Mon Dec 4th through Sat the 9th, 2017 at Long Beach Convention Center
This work extends and improves the performance of GAN based approaches to semi-supervised learning as explored in both "Improved techniques for training gans" (Salimans 2016) and "Unsupervised and semi-supervised learning with categorical generative adversarial networks" (Springenberg 2015).
The paper introduces the notion of a complement generator which tries to sample from low-density areas of the data distribution (in feature space) and explores a variety of objective terms motivated/connected to this analysis. It is difficult to exactly match the motivated objective, due to various hard to estimate quantities like density and entropy, the paper uses a variety of approximations in their place.
In addition to an illustrative case study on synthetic data, the paper has a suite of experiments on standardized semi-supervised tests including ablation studies on the various terms proposed. The overall empirical results are a significant improvement over the Feature Matching criteria proposed in "Improved techniques for training gans".
Given the variety of objective terms suggested it is important and appreciated that the authors included ablation studies. It is unfortunate that they are not completely thorough, however. For instance, why does SVHN have a 5 different experiments but MNIST 2 and CIFAR-10 3? Why are the Approximate Entropy Maximization terms only tested on SVHN? How do they perform on CIFAR-10? Could the author(s) comment on why a fuller suite of comparisons was not completed?
The benefits of the various terms are not always consistent across datasets. The text mentions and discusses this briefly but a more thorough investigation by completing the ablation studies would be helpful for people wishing to extend/improve upon the ideas presented in this paper.

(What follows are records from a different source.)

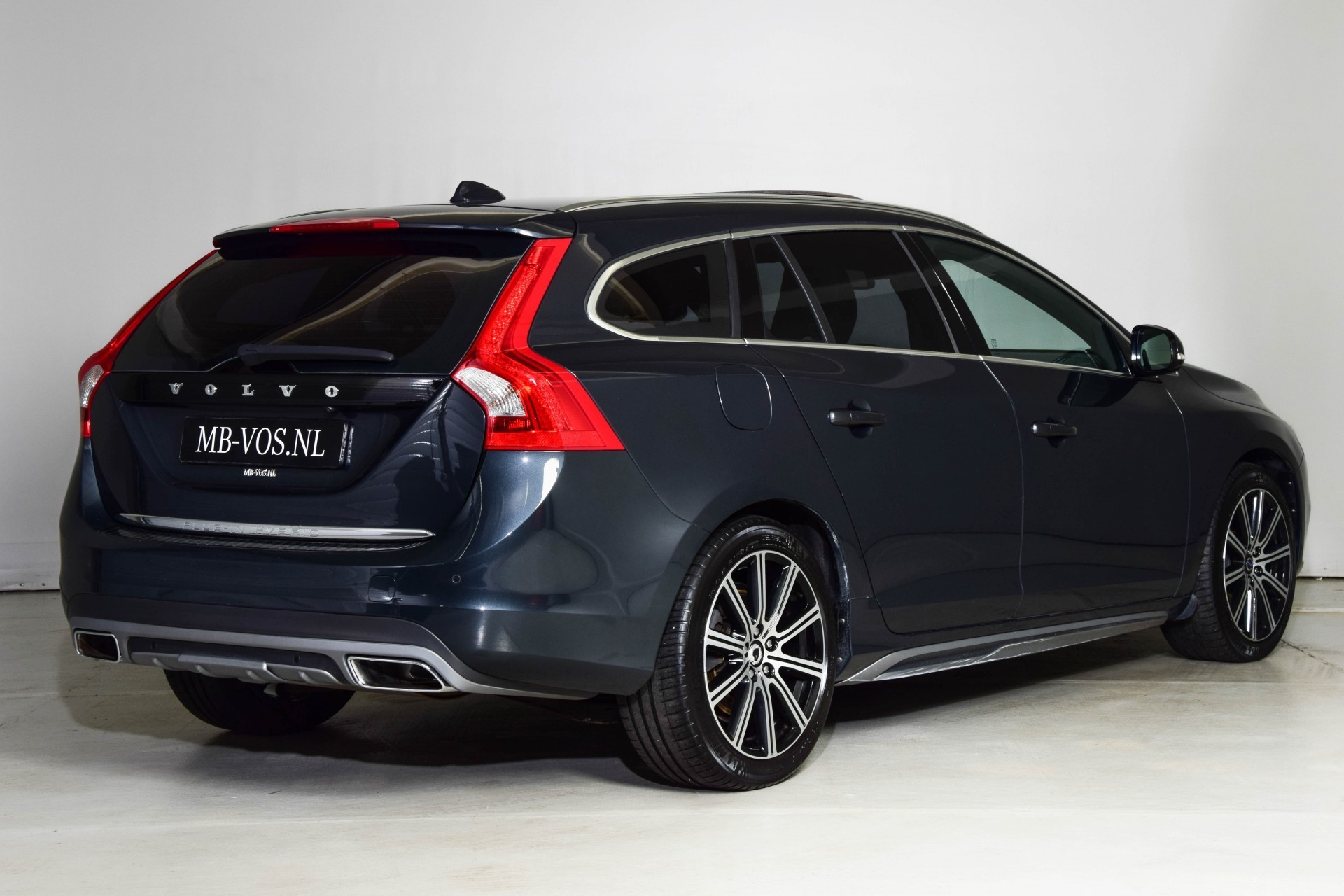 Volvo V60 2.4 D6 AWD PLUG-IN HYBRID SUMMUM 0% bijtelling Aut6 Foto 2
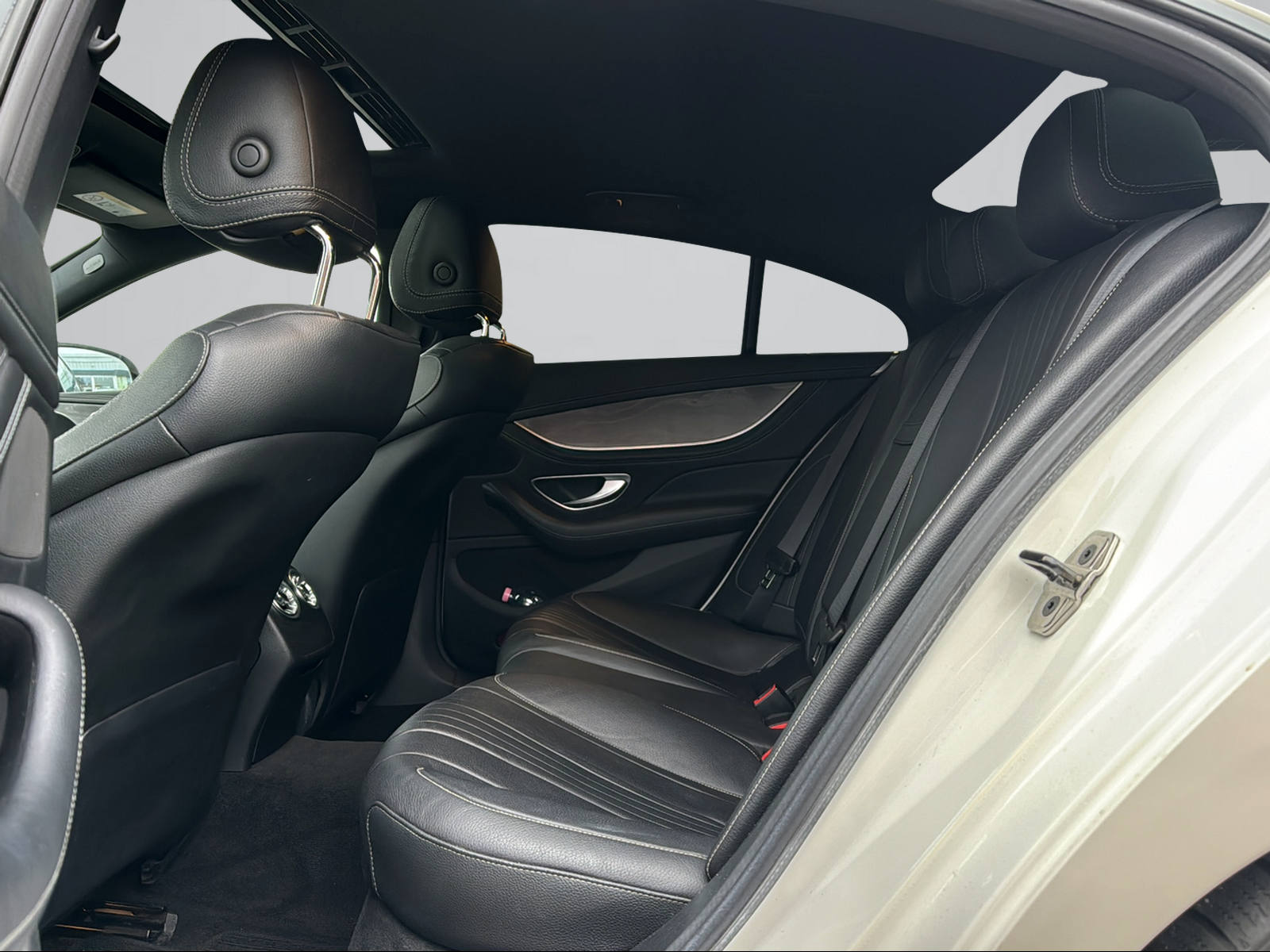 MERCEDES-BENZ CLS 450 4Matic AMG Line 9G-Tronic-image-10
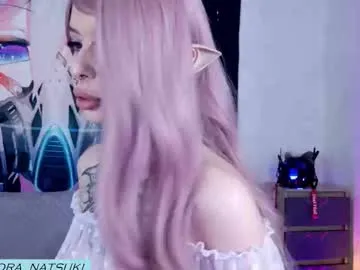 Ni-_haL01 – webcam model profile photo Image 19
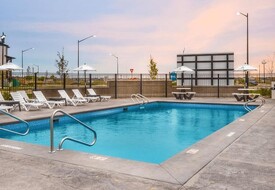 Condo in Bridgwater (Winnipeg)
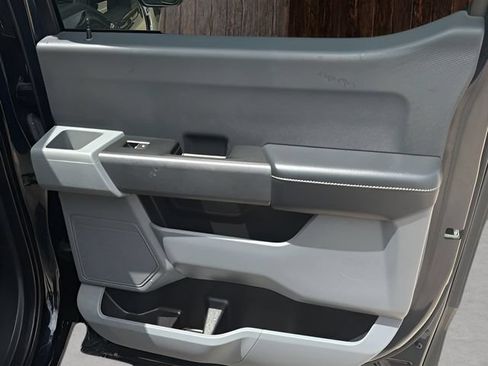 Used 2021 Ford F150 XLT RWD image 13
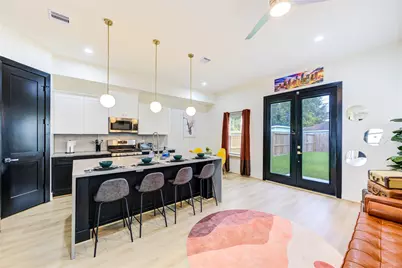 5421 Southlea Street #A, Houston, TX 77033 - Photo 9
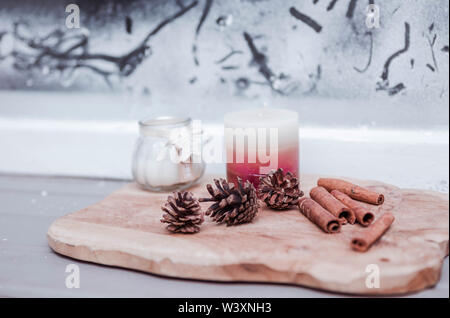 Décor du Nouvel An de pommes de pins, des bâtons de cannelle et des bougies sur le rebord de Banque D'Images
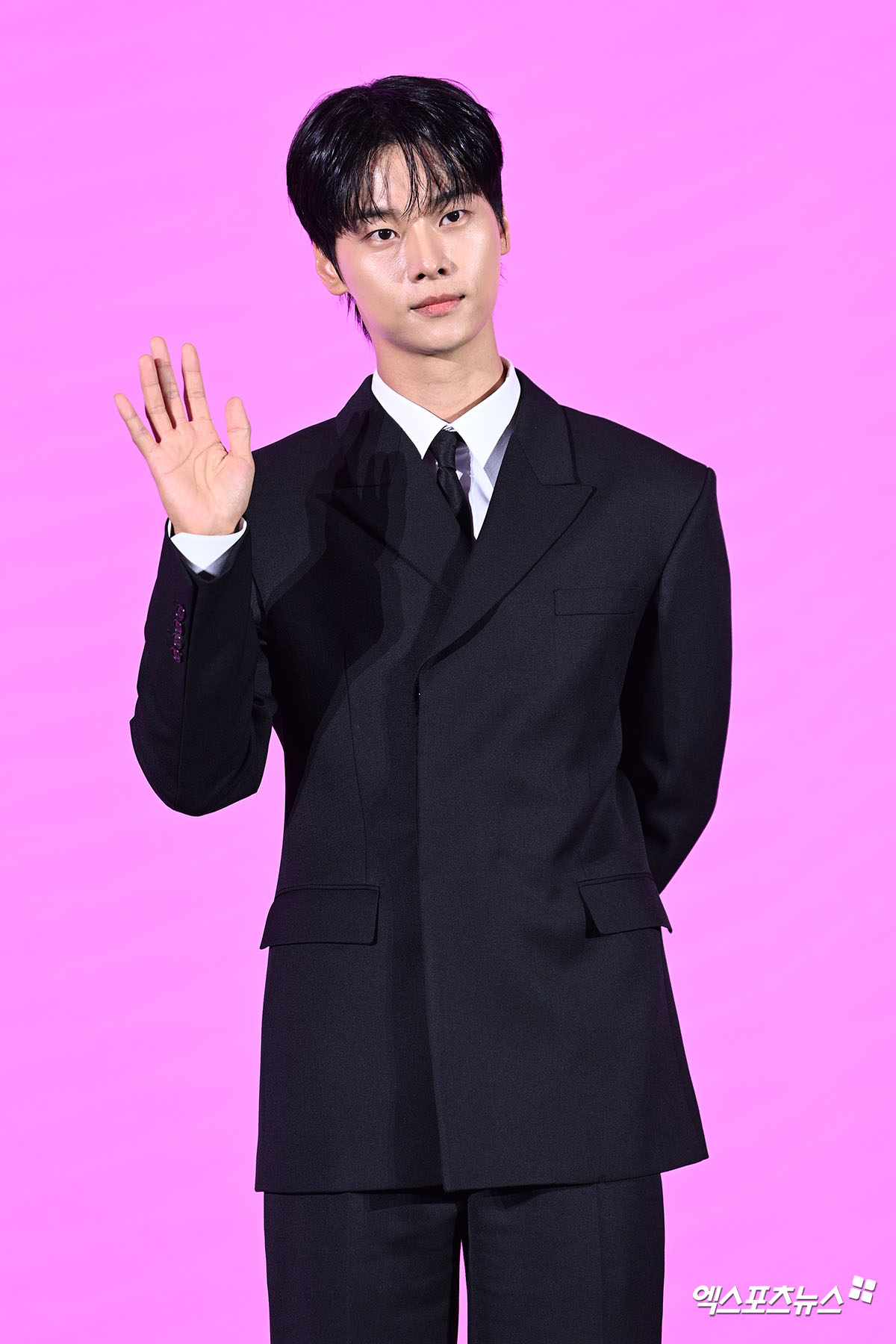 Cha Hak-yeon's Versatility! From Quirky to Romantic, He's Officially a "Trusted Actor" Cha Hak-yeon's Versatility! From Quirky to Romantic, He's Officially a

In this paper, the authors proposed a novel semi-supervised learning algorithm based on GANs. It demonstrated that given the discriminator objective, good semi-supervised learning indeed requires a bad generator. They derive a novel formulation that substantially improves over feature matching GANs. Experiments demonstrate the state-of-the-art results on multiple benchmark datasets. The paper is interesting and well-written, which is important for the family of GANs algorithm. I have several concerns as follows:
1. As is demonstrate in W-GAN, the GANs is not easy to converge when we minimizing the KL divergence between the generator distribution and the target distribution. It would be nice if the authors could demonstrate whether the algorithms can be applied to more advanced GANs.
2. As is well-known, it is not easy to generate the general samples based on GANs, such as the images with high resolutions. It is expected the author could demonstrate how to use the proposed models when sample generation is not easy.
3. It would be nice if the authors could demonstrate how “bad” a generator should be for a semi-supervised classifier.
4. It is interesting if the authors could demonstrate whether the human-specified labels can improve the performance of the generator, such that some satisfactory images can be generated.
After reading the rebuttal I changed my score to 7. Overall it is an interesting paper with an interesting idea. Although the theoretical contributions are emphasized I find the empirical findings more appealing. The theory presented in the paper is not convincing (input versus feature, convexity etc).
I think the link to classical semi-supervised learning and the cluster assumption should be emphasized, and the * low density assumption on the boundary* as explained in this paper :
Semi-Supervised Classification by Low Density Separation
Olivier Chapelle, Alexander Zien
I am changing my review to 7, and I hope that the authors will put their contribution in the context of known work in semi-supervised learning , that the boundary of separation should lie in the low density regions . This will put the paper better in context.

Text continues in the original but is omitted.